Available records:
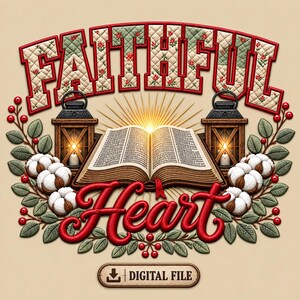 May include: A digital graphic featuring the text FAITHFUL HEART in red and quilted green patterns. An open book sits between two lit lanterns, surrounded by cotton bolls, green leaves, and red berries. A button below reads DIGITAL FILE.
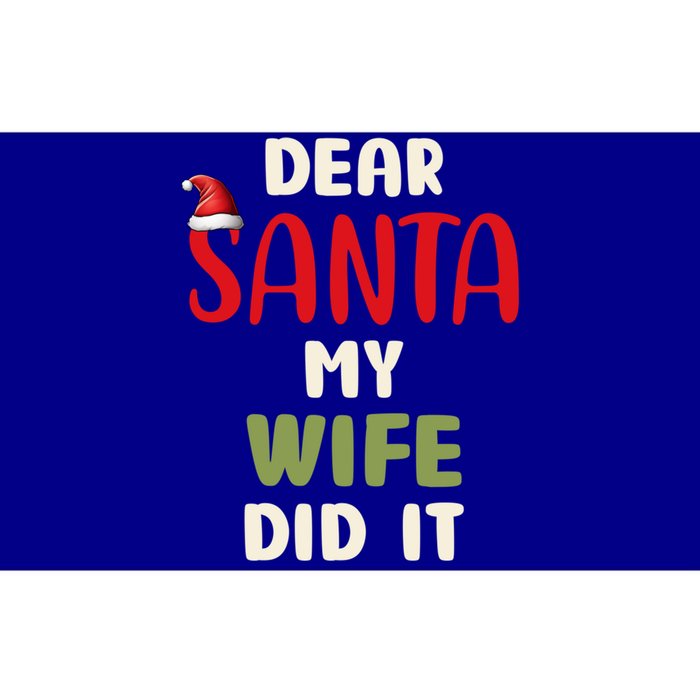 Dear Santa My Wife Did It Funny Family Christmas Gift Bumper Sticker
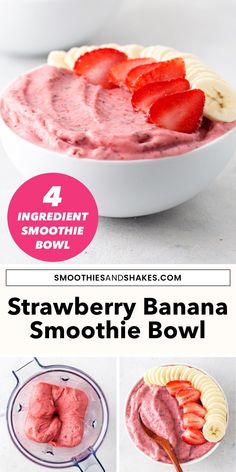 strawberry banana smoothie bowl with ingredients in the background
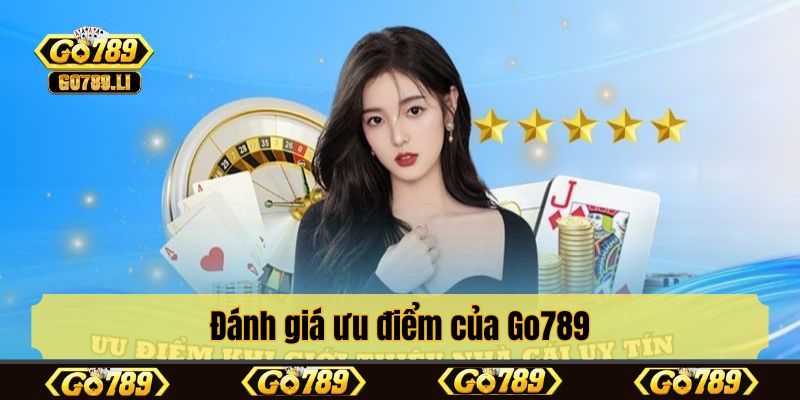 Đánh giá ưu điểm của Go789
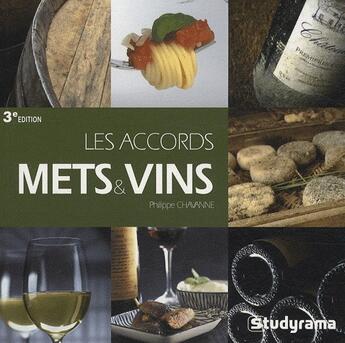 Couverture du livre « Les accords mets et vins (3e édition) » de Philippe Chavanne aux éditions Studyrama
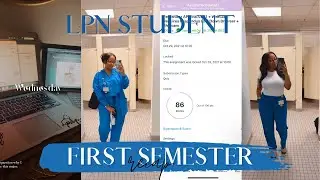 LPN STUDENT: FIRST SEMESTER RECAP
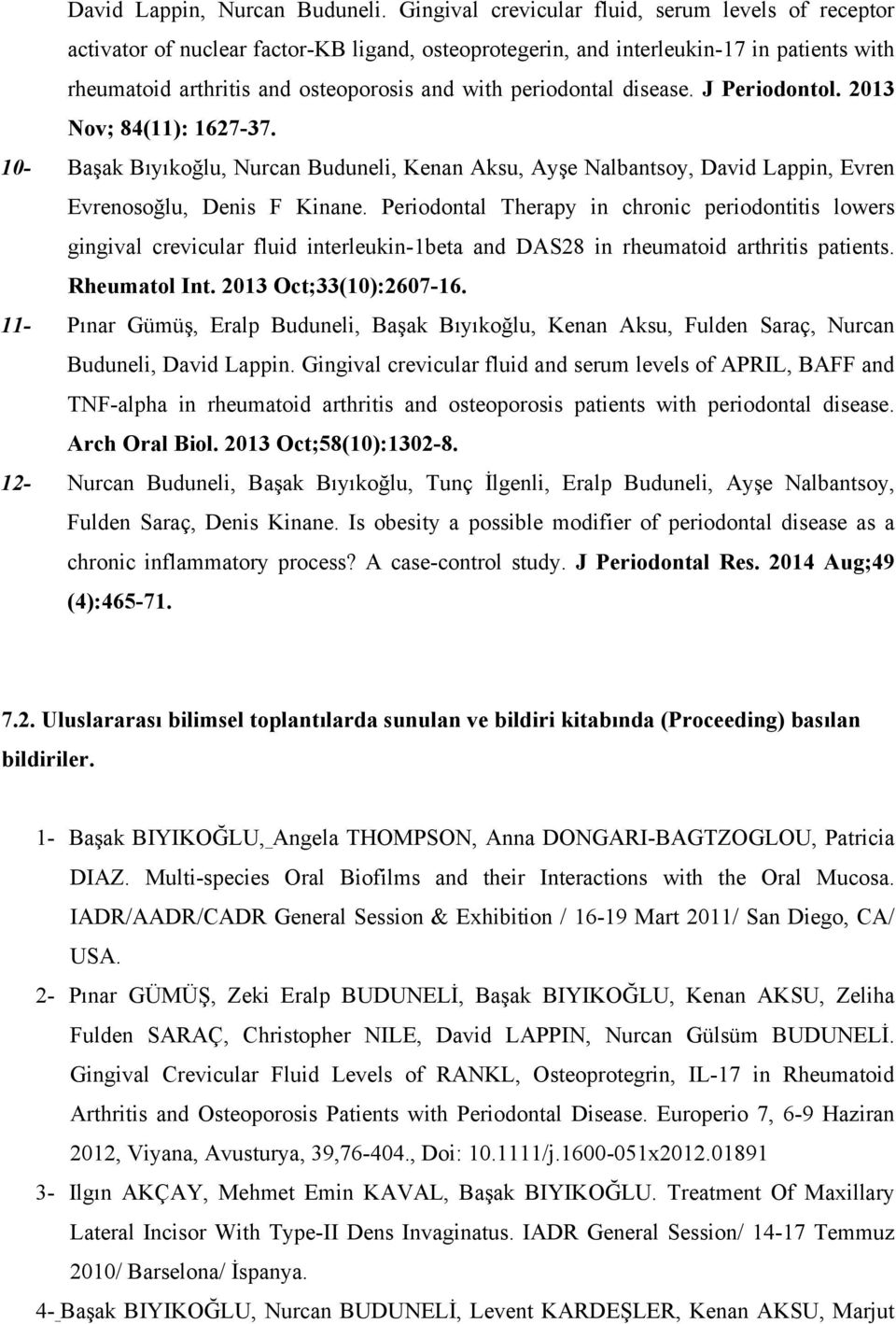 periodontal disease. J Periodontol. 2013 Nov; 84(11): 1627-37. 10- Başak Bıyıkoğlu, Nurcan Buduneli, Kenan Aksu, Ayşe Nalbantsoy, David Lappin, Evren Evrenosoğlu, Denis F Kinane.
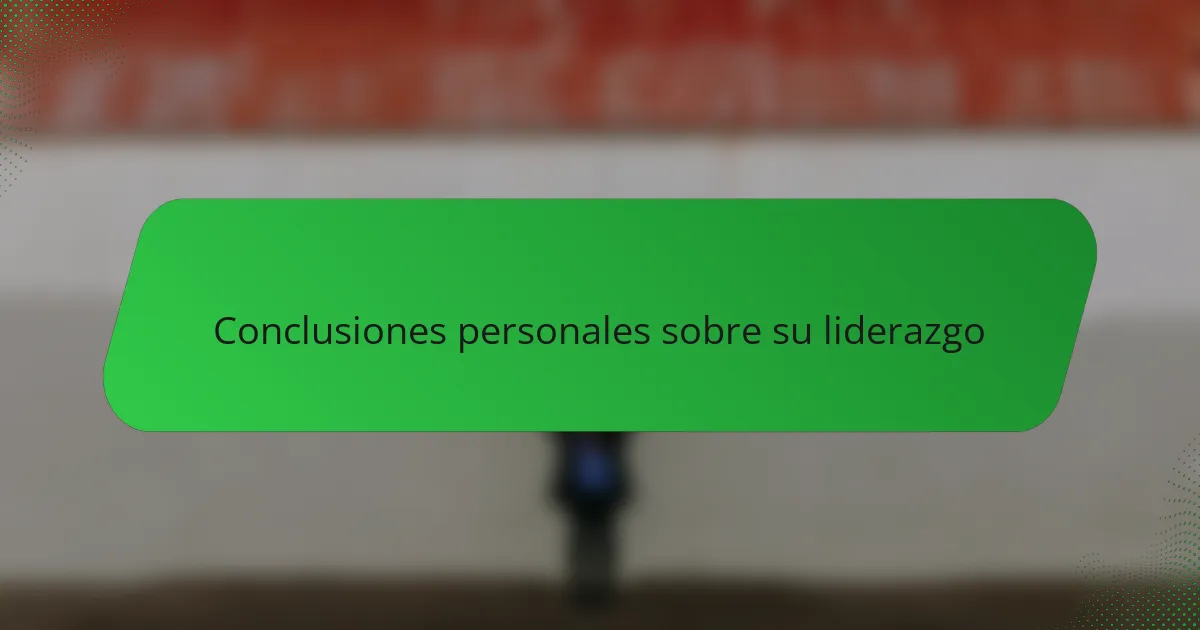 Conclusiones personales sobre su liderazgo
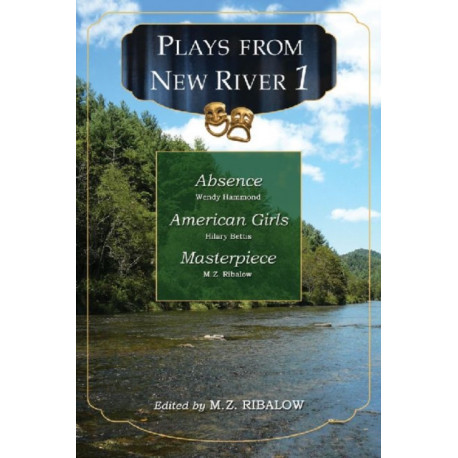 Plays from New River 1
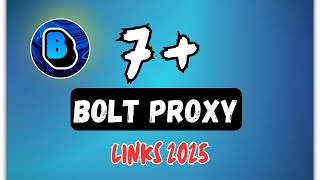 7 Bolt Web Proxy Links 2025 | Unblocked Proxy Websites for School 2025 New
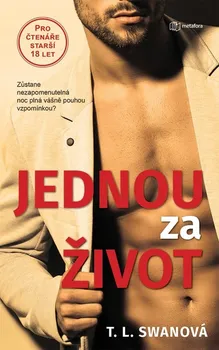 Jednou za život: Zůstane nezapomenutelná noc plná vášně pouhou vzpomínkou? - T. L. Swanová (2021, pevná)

* * *

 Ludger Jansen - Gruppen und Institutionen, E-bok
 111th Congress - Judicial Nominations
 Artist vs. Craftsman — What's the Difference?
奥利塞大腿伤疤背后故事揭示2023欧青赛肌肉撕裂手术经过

What the exercise asks: From the records above, copy exactly the lines starting at the one with "periodontal disease. J" and ending at the one with "Jednou za život: Zůstane", and no others. Pictures stay out.

Solution to this exercise:
 periodontal disease. J Periodontol. 2013 Nov; 84(11): 1627-37. 10- Başak Bıyıkoğlu, Nurcan Buduneli, Kenan Aksu, Ayşe Nalbantsoy, David Lappin, Evren Evrenosoğlu, Denis F Kinane.
 Conclusiones personales sobre su liderazgo
 Plays from New River 1
 7 Bolt Web Proxy Links 2025 | Unblocked Proxy Websites for School 2025 New
 Jednou za život: Zůstane nezapomenutelná noc plná vášně pouhou vzpomínkou? - T. L. Swanová (2021, pevná)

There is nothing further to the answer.